G20閉幕、日米間で為替めぐり温度差ある一方、消費税増税延期にお墨付き
一方、ルー米財務長官は「為替で全体でみると確かに円高は進んだが、特に無秩序な動きではない」「日本は通貨の競争的切り下げは回避すべき」と会見で明言。日本側との温度差が明確になった。
ルー長官と麻生太郎財務相は14日にワシントンで会談。米財務省によると、G7、G20の為替に関するコミットメントを全ての国が順守することが重要との認識で一致したという。「全ての国」に日本も入るのであれば、円高が進んでも安易に介入はできませんよ、とクギを刺された可能性がある。
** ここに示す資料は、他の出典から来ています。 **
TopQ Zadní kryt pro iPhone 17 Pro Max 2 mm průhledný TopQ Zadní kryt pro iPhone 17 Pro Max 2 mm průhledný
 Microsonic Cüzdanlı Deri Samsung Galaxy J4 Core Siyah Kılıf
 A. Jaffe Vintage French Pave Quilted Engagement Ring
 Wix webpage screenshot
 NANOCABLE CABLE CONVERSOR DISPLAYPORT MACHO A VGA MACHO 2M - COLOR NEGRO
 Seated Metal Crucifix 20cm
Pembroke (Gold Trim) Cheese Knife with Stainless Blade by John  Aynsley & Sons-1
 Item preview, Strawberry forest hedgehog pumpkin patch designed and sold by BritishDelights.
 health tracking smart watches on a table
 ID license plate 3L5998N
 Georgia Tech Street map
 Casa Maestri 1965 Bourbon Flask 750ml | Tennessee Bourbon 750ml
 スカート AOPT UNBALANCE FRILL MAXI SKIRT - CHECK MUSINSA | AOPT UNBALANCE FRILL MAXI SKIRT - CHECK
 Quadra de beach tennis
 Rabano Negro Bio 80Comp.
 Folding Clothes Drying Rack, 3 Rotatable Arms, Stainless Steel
英フィナンシャル・タイムズ紙は麻生財務相がルー長官から「円安誘導は駄目」とクギを刺されたと解説した。実際、ルー長官は会見で「日本と中国はともに構造改革を進めるのが重要」と強調した。
インド財務相「金融政策は限界、財政検討を」
同時にルー長官は「日本は再び経済がマイナス成長に陥らないよう慎重であるべきで、将来の増税のペースについても、増税が財政支出の効果を相殺しないか慎重に点検すべき」と要求した。これは安倍首相周辺の、増税延期派の主張を支持する内容ともいえそうだ。
このほかインドのジャイトリー財務相が「金融政策の有効性は限界に達した」「公共工事を中心とした財政政策の余地がないか検討すべき時期だ」と述べ、先進国の金融政策依存に強い警鐘を鳴らした。